Thursday 20 November 2008

I'm livin' on Chinese rocks

N 23-something, E 102-something - 20 November 2008 - Yuanyang

Well, an abbreviated post, I'm in an Internet cafe in Yuanyang (no internet at the hotel or room) and don't have my diary and notes with me. We just stuffed ourselves with our last Chinese dinner and have an early morning tomorrow, catching a 7 am bus to Hekou to make sure we are out of China by tomorrow when our visas expire. It will be sad leaving, especially the food. Up to now, Mongolia had been my favorite place we had been but China has been just really amazing, great food everywhere, cool things to see, really nice people, and a rather challenging but compelling language.

Yeah, maybe I'll write up our bird trip eventually as well as the rest of the month in China that I haven't written about yet. There is so much yet to write about. But then, Sid already wrote about some of our bird trip and Tibetan adventures here, and there are lots of good pictures there and all that, so I can let that stand for a bit.

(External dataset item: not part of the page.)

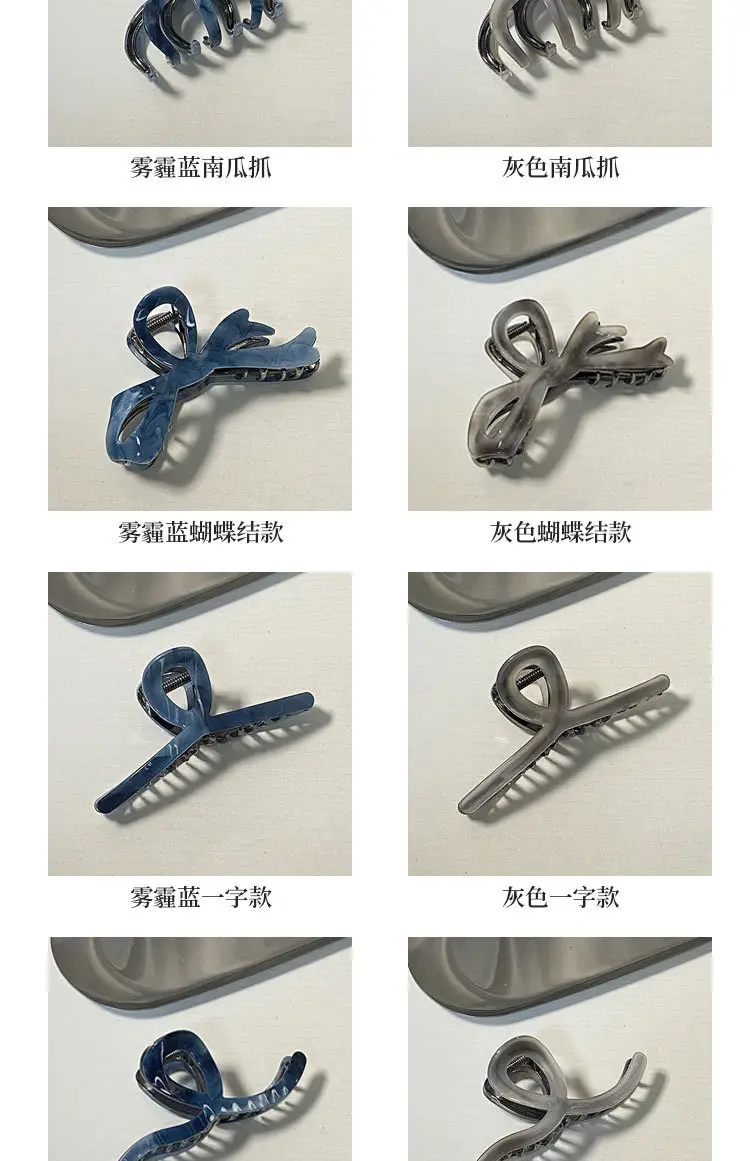 2024 New Acetic Acid Grab Clip Large Hair Accessories Bow Hairpin — feature 8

Today we spent the day in the back of a small motorbike taxi going around seeing rice terraces. Ok, it is better than it sounds, except for the motorbike taxi. A lot of the way was on really bumpy roads and it took a few hours to go there and back and we were here for one day when the fog decided to roll in and cover the whole region. BaDa was clear and was really amazing, DuoYiShu was completely covered in fog and we couldn't see a thing. In MengPing, we had barely stopped before hawkers were shoving stuff into our faces (and into the vehicle), look postcards, needlepoint stuff, blah blah. My only regret there is that I didn't take a picture of them, it was just so funny, about six of them all yelling at us, pushing their stuff at us.

Well, I'm sure there will be more in Vietnam to take pictures of. This has been the first place in a while with really aggressive hawkers (actually just that one stop today) everywhere else in Yunnan has been pretty mellow. We are a little more off the tourist route now and it isn't really high season now. Not like being on the Great Wall and being followed for miles by persistant hawkers, "waterbeercoke" while pushing t-shirts and postcards in your face. After Beijing and Pingyao, it was mostly just the scrum at train stations and bus stations and if you happened to go down a especially touristly street, followed by lots of "hello, look here" and the standard followup question, "where are you from", I guess to engage you in a conversation before the sales pitch.

But rice terraces, they really are pretty amazing, entire hillsides, looking like an OS map, contour lines and shining rice paddies with different colors of water, from black to tan to silver. Even the fog was nice, when it wasn't too much to obscure everything. It added a nice atmosphere and highlight. We might have flumoxed the driver a bit, a little distracted sometimes from the terraces by something flying overhead. Sorry Sid, I'm not sure we learned our lessons very well, we can't identify them immediately like you. Some sort of buzzards, maybe, or there was that one with the distincive wing shape, curved like a bow, which I can't remember now of what it is distinctive. Or the one with the clearly spread fingers on the wingtips. The shame. But they looked cool circling over the terraces and were nice to watch with binoculars as we tried to ignore the hawkers pushing stuff in front of us.

Anyways, as I always seem to say, more later. Too much stuff to see, too much already seen and not enough time to write.